EXERCISE:
Search the records below for the word "Twin". Pull out each line that has it.

*** Block opens ***

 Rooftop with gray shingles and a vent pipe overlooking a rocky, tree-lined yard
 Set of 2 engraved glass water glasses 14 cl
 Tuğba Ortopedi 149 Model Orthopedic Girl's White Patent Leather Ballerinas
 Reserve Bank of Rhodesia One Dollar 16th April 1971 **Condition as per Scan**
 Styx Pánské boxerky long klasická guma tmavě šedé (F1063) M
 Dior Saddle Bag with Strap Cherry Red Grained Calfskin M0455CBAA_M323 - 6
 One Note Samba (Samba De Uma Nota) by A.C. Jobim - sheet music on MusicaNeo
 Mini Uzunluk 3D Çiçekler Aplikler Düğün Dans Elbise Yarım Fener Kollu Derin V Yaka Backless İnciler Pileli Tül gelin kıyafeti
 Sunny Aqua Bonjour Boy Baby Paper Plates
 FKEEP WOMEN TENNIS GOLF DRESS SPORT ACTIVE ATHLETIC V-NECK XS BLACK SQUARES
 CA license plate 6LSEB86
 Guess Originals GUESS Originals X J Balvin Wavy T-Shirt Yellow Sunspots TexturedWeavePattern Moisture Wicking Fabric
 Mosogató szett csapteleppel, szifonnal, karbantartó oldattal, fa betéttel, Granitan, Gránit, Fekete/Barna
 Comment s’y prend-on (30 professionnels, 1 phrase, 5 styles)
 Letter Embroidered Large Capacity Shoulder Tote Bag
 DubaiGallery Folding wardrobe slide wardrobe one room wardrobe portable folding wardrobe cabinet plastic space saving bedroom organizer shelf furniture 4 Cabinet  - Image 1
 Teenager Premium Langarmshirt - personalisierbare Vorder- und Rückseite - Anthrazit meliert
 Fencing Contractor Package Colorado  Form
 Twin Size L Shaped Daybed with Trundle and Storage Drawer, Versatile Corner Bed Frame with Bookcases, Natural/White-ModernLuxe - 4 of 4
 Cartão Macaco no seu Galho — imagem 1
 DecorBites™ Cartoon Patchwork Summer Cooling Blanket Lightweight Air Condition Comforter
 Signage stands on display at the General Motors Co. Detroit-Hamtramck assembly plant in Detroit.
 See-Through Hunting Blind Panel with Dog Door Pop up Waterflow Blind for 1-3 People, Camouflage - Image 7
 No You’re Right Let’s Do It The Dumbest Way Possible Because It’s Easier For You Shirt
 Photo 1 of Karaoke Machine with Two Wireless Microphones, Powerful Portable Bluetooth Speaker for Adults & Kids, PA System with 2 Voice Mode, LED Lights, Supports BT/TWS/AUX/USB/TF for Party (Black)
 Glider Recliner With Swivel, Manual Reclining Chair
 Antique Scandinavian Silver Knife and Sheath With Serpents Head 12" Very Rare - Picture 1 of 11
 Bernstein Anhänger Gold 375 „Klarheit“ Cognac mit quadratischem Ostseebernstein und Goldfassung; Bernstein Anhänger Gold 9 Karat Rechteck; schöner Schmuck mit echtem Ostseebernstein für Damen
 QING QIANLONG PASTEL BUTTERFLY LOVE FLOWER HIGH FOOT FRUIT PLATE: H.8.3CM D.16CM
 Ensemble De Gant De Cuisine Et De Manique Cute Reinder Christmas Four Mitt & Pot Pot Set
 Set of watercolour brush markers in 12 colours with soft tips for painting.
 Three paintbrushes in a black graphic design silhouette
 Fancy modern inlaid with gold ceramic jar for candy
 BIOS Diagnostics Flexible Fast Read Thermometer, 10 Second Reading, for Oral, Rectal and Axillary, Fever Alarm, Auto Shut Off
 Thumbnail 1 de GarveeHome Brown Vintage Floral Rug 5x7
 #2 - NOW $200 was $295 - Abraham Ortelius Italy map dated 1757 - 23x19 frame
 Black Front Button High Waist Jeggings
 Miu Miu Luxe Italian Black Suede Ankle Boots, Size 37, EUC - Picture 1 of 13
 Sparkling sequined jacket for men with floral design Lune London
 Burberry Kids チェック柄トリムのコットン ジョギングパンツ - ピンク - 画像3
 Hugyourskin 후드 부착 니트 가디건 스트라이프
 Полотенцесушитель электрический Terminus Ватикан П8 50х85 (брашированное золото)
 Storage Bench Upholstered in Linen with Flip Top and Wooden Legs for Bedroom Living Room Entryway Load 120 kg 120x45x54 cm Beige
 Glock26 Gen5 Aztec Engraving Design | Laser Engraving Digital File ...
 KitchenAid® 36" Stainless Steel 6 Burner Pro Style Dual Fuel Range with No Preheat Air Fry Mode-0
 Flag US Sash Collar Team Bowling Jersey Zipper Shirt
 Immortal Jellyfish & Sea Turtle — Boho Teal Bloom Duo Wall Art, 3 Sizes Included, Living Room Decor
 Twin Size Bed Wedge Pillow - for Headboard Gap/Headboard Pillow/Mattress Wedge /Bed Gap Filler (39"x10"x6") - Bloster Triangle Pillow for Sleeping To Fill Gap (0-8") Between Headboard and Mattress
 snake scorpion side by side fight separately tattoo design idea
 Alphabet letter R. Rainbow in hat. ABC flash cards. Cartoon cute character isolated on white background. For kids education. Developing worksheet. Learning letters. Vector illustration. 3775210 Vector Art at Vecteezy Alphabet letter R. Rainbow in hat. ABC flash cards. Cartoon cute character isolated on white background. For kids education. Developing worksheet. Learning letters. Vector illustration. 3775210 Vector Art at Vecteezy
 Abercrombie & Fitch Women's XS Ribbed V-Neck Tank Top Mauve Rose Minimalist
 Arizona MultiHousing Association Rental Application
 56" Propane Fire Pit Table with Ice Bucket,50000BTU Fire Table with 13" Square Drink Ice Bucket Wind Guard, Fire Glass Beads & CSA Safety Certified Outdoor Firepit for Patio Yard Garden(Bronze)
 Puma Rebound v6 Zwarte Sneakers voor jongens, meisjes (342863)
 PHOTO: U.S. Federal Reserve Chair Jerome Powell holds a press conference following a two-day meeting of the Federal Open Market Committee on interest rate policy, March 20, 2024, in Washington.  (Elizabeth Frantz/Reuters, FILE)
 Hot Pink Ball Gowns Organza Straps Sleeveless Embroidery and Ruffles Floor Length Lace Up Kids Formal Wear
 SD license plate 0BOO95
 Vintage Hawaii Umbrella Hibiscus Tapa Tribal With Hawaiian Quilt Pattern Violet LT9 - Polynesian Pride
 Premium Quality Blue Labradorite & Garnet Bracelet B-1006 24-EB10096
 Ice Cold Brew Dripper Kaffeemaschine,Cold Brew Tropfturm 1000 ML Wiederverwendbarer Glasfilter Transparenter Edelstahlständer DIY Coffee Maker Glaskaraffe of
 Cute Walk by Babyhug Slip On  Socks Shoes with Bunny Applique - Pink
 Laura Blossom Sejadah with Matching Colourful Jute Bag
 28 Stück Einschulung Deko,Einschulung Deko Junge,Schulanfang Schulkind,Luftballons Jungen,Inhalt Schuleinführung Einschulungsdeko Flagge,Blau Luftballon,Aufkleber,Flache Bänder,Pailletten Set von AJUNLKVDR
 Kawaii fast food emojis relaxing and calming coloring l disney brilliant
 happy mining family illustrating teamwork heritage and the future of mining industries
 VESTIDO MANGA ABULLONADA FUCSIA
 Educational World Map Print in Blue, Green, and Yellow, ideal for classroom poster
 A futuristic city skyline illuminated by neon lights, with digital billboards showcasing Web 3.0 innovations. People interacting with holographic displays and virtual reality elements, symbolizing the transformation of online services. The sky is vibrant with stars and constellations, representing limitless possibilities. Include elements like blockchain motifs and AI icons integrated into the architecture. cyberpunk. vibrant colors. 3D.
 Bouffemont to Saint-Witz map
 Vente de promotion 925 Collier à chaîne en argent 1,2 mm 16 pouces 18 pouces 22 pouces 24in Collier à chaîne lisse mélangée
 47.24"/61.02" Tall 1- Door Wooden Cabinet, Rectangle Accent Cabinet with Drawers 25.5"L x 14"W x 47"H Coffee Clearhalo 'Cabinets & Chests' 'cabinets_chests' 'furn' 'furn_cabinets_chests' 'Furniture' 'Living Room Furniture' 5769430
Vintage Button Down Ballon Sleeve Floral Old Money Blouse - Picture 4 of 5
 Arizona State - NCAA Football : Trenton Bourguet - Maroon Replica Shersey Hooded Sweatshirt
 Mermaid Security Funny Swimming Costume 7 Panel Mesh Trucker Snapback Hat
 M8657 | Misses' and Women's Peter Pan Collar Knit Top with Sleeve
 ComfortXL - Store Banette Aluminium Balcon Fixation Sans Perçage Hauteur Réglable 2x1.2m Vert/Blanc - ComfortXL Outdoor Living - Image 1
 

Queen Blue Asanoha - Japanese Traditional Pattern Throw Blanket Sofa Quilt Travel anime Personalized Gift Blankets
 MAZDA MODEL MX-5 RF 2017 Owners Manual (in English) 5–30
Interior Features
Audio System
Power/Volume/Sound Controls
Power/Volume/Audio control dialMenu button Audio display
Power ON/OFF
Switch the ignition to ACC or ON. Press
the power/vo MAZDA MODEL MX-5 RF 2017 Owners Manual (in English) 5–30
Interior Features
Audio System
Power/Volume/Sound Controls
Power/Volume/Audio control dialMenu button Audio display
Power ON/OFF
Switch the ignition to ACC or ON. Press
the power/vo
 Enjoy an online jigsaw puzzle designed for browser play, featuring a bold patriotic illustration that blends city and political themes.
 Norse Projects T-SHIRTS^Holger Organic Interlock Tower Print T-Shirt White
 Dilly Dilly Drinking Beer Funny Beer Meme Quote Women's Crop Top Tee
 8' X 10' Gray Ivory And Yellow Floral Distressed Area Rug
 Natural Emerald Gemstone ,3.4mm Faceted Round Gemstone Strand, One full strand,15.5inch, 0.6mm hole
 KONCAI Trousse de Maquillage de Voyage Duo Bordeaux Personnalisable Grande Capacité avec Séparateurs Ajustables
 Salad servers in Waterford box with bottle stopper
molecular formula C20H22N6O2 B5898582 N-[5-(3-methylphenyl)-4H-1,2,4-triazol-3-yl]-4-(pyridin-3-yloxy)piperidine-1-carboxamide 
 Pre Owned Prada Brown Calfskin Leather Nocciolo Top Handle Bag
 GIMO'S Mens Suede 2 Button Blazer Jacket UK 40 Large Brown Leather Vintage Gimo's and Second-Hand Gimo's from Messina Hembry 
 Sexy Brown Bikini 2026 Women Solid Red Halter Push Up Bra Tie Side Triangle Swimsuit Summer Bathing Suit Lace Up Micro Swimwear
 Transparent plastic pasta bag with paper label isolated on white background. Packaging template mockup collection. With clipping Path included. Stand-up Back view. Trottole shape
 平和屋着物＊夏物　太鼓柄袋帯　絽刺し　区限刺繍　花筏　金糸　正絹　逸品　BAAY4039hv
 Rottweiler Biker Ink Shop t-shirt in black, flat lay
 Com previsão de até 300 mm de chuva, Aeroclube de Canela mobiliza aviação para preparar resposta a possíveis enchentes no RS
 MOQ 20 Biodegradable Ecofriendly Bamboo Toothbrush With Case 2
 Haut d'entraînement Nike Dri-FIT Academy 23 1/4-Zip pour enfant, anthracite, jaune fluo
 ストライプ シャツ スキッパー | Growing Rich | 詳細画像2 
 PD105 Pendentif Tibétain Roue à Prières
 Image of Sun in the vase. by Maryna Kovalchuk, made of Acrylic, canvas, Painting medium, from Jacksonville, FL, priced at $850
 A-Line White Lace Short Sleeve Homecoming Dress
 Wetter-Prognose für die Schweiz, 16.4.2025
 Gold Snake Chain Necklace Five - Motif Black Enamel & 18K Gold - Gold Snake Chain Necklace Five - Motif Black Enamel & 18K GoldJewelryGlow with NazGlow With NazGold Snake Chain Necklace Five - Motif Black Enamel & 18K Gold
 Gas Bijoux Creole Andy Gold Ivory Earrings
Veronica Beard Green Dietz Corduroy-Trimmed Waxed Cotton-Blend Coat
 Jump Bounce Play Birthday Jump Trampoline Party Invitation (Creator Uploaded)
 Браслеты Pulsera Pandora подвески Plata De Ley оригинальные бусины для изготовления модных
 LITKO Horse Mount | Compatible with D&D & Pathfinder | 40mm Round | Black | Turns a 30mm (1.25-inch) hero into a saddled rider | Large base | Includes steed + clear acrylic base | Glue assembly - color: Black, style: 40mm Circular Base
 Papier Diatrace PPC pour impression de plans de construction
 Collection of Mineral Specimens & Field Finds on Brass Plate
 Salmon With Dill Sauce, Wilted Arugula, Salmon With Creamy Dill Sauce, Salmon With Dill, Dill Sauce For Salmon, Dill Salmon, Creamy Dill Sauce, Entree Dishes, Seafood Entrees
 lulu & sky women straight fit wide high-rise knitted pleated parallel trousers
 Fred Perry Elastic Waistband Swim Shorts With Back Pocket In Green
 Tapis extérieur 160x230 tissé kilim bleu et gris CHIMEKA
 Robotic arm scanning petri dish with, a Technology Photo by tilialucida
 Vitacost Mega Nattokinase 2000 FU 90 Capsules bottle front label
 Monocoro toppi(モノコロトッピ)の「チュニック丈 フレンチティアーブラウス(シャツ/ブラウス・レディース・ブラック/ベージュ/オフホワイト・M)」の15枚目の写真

*** Block closes ***

FINISHED EXERCISE:
 Twin Size L Shaped Daybed with Trundle and Storage Drawer, Versatile Corner Bed Frame with Bookcases, Natural/White-ModernLuxe - 4 of 4
 Twin Size Bed Wedge Pillow - for Headboard Gap/Headboard Pillow/Mattress Wedge /Bed Gap Filler (39"x10"x6") - Bloster Triangle Pillow for Sleeping To Fill Gap (0-8") Between Headboard and Mattress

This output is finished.